Below is a figure that describes the DI for a 3D data set.

### Identifying outliers using a Support Vector Machine (SVM)¶

You can tell FreqAI to remove outlier data points from the training/test data sets using a Support Vector Machine (SVM) by including the following statement in the config:

    "freqai": {
"feature_parameters" : {
"use_SVM_to_remove_outliers": true
}
}


The SVM will be trained on the training data and any data point that the SVM deems to be beyond the feature space will be removed.

FreqAI uses sklearn.linear_model.SGDOneClassSVM (details are available on scikit-learn's webpage here (external website)) and you can elect to provide additional parameters for the SVM, such as shuffle, and nu.

The parameter shuffle is by default set to False to ensure consistent results. If it is set to True, running the SVM multiple times on the same data set might result in different outcomes due to max_iter being to low for the algorithm to reach the demanded tol. Increasing max_iter solves this issue but causes the procedure to take longer time.

The parameter nu, very broadly, is the amount of data points that should be considered outliers and should be between 0 and 1.

### Identifying outliers with DBSCAN¶

You can configure FreqAI to use DBSCAN to cluster and remove outliers from the training/test data set or incoming outliers from predictions, by activating use_DBSCAN_to_remove_outliers in the config:

    "freqai": {
"feature_parameters" : {
"use_DBSCAN_to_remove_outliers": true
}
}


DBSCAN is an unsupervised machine learning algorithm that clusters data without needing to know how many clusters there should be.

Given a number of data points $$N$$, and a distance $$\varepsilon$$, DBSCAN clusters the data set by setting all data points that have $$N-1$$ other data points within a distance of $$\varepsilon$$ as core points. A data point that is within a distance of $$\varepsilon$$ from a core point but that does not have $$N-1$$ other data points within a distance of $$\varepsilon$$ from itself is considered an edge point. A cluster is then the collection of core points and edge points. Data points that have no other data points at a distance $$<\varepsilon$$ are considered outliers.
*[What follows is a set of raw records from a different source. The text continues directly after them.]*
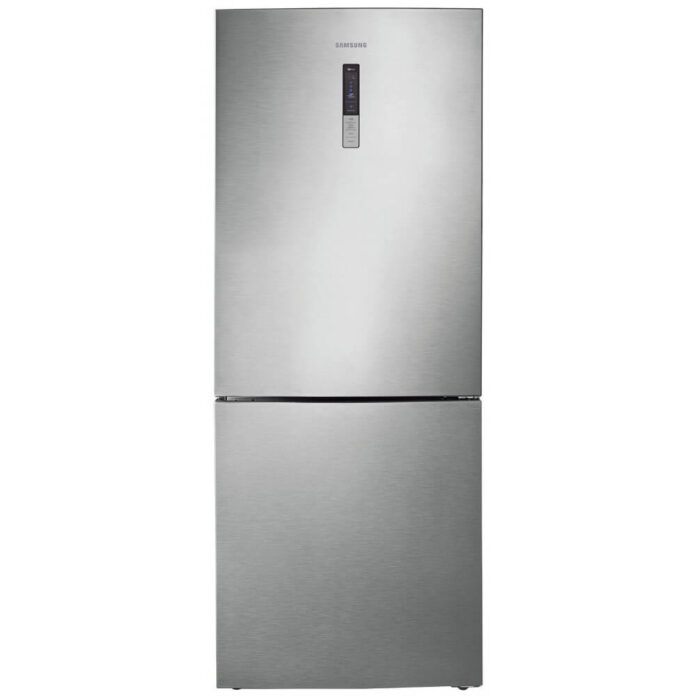Combina frigorifica Samsung RL4353RBASL/EO, No Frost, 462 l, Clasa F Combina frigorifica Samsung RL4353RBASL/EO, No Frost, 462 l, Clasa F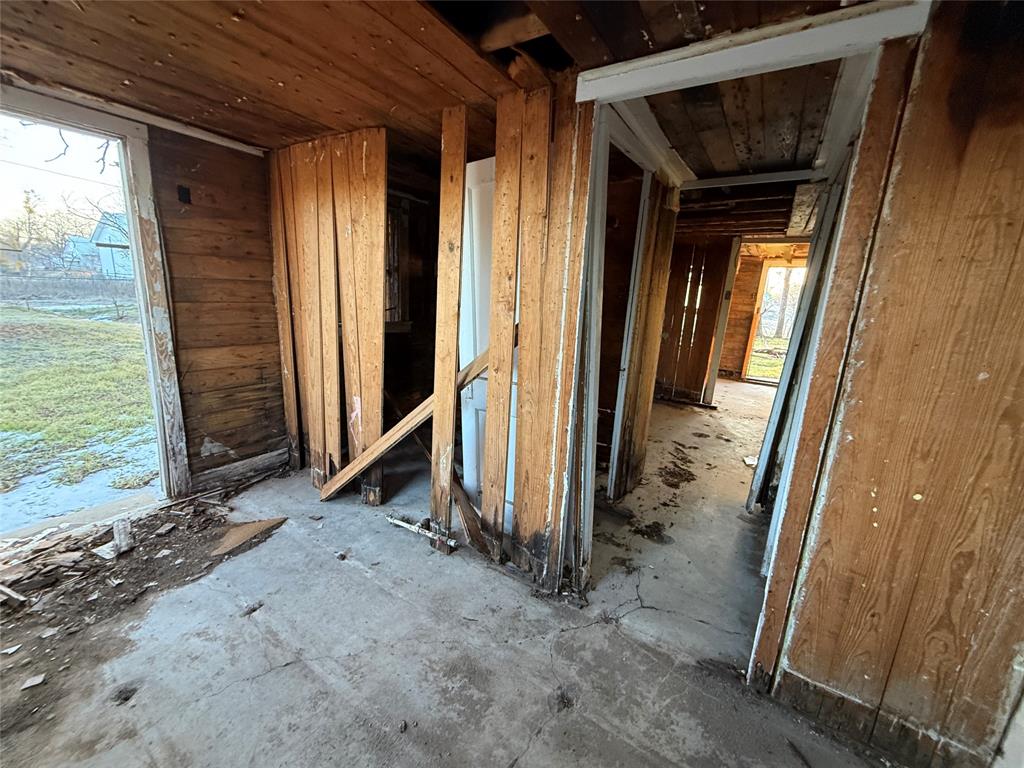 Turner Add - Residential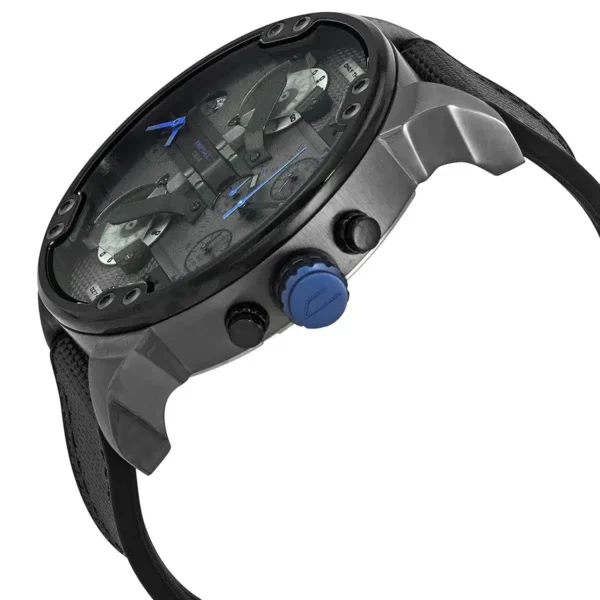 ⁦Diesel watch for men DZ7420⁩ - الصورة ⁦2⁩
The figure below shows a cluster with $$N = 3$$.

FreqAI uses sklearn.cluster.DBSCAN (details are available on scikit-learn's webpage here (external website)) with min_samples ($$N$$) taken as ¼ of the no. of time points (candles) in the feature set. eps ($$\varepsilon$$) is computed automatically as the elbow point in the k-distance graph computed from the nearest neighbors in the pairwise distances of all data points in the feature set.